Alcoholic hepatitis disease severity prednisolone Lille score liver transplantation

Introduction

Excessive alcohol consumption is one of the leading causes of liver disease worldwide. Alcohol abuse can cause a spectrum of liver injuries, collectively termed alcohol-related liver disease.¹ Alcoholic hepatitis (AH) is an acute and severe presentation of alcohol-related liver disease and is characterised by the recent onset of jaundice. The 1-month mortality for patients with severe AH can be as high as 17–50%.²,³ Patients with non-severe AH have a less than 10% risk of 1-month mortality.⁴ However, it has recently been shown that 1- and 5-year survival rates for patients with non-severe AH who were admitted for recent liver decompensation were only 80% and 50%, respectively.⁵ Although the incidence of AH remains largely unknown, one study suggested an increase in incidence between 1999 and 2008, both in men and women.⁶ Despite decades without novel effective therapeutics, the management of patients with AH has evolved considerably during the last few years. The aim of this review is to provide an update on diagnosis, severity assessment and available therapeutic options in AH, and to suggest a personalised approach through a clinical management algorithm. We also provide a clinical case to illustrate management of AH.

Case report

A 56-year-old man presented with malaise and progressive jaundice that had persisted for 10 days. The patient had a history of excessive alcohol consumption (80 g/day) for more than 15 years.
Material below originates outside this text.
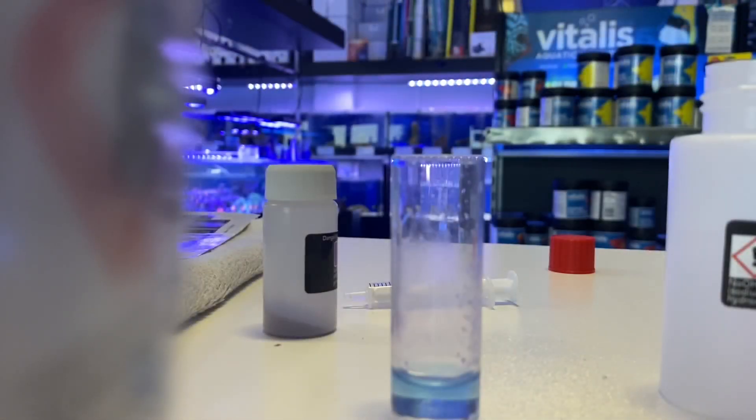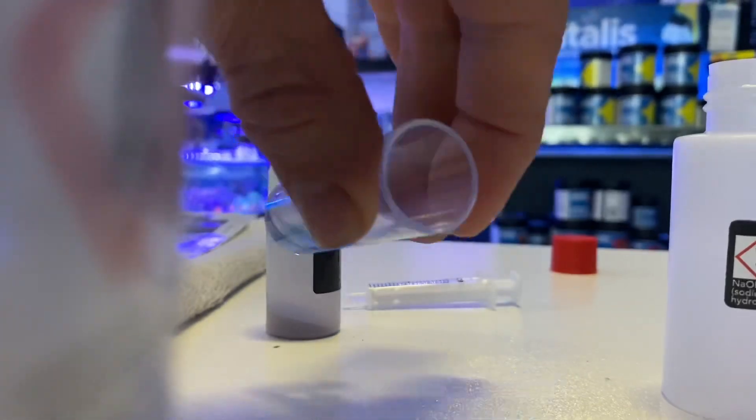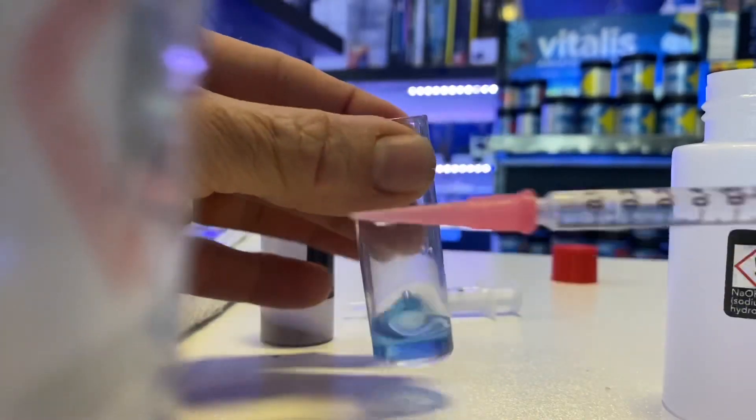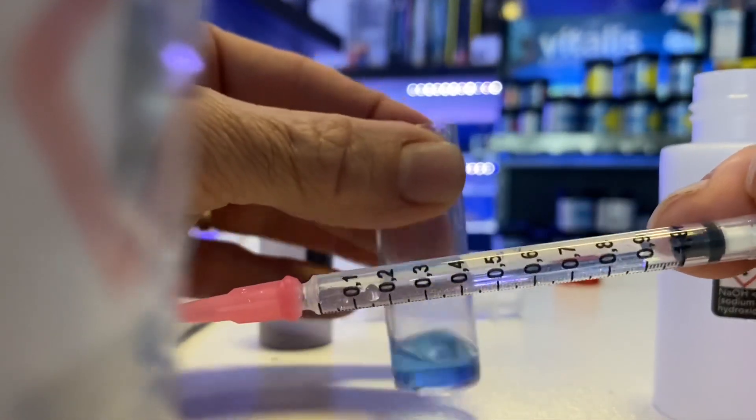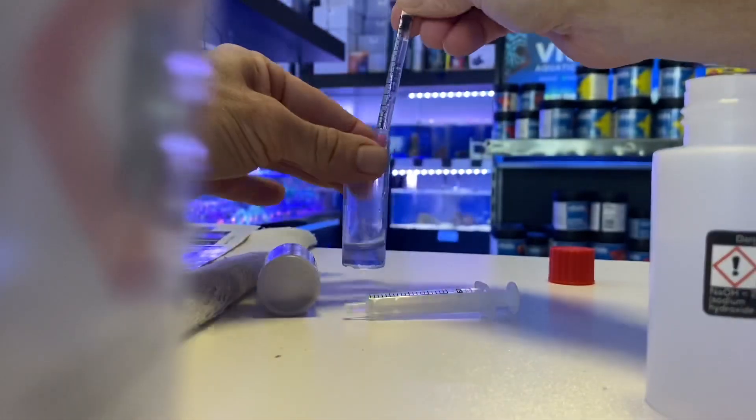So I take my vial and give it a bit of a stir. The trick is you've got to put 0.6 mil in straight up — I'll do it back here so you can see.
Physical examination revealed jaundice, spider naevi on the chest wall, moderate ascites, and no encephalopathy. Blood test results included: total bilirubin 18 mg/dl, aspartate aminotransferase (AST) 85 IU/l, alanine aminotransferase (ALT) 36 IU/l, gamma-glutamyltranspeptidase 220 IU/l, prothrombin time 21.9 s (30%), international normalised ratio (INR) 2.14, albumin 25 g/l and creatinine 0.85 mg/dl. Abdominal ultrasound demonstrated dysmorphic liver with steatosis and ascites but there was no sign of biliary obstruction. A diagnosis of AH was suspected.

Diagnosis of AH

Symptoms and clinical signs

In clinical practice, AH should be suspected in every patient with excessive chronic alcohol consumption and recent onset of jaundice. It is not uncommon for patients to have ceased drinking alcohol days or even weeks before the onset of jaundice. A period of less than 60 days of abstinence before the onset of jaundice is generally observed.⁷

Progressive jaundice is often associated with fever, malaise and malnutrition. Other signs of liver decompensation, such as ascites and/or encephalopathy, can be observed in severe forms of the disease. Blood analysis typically reveals hyperbilirubinaemia (>5 mg/dl, mainly conjugated), neutrophilia and serum AST levels greater than the upper limit of normal range, although rarely above 300 IU/l, with an AST/ALT ratio typically greater than 1.5–2.0. In severe forms, prolonged prothrombin time and hypoalbuminaemia are frequently observed.¹ AH should be distinguished from other liver diseases, such as ischaemic hepatitis and drug-induced liver injury, two conditions in which ALT and AST are more elevated, typically above 300–400 IU/l. Liver ultrasound should exclude biliary obstruction. Viral hepatitis and severe autoimmune liver disease testing should be performed.

Liver biopsy

When AH is suspected based on clinical and laboratory findings, a liver biopsy, performed by the transjugular route in the presence of ascites or coagulation disorders, is useful to confirm the diagnosis and to rule out other diagnoses (10–20% of cases). Histologically, typical findings include signs of steatohepatitis, defined by steatosis, hepatocyte ballooning, an inflammatory infiltrate with neutrophils, bilirubinostasis and advanced fibrosis with a typical chicken-wire pattern.⁸ However, many centres do not routinely perform liver biopsy to confirm a diagnosis of AH. The main restrictions in routine clinical practice are access to transjugular liver biopsy, potential risks, the costs of the procedure and the absence of well-validated grading systems.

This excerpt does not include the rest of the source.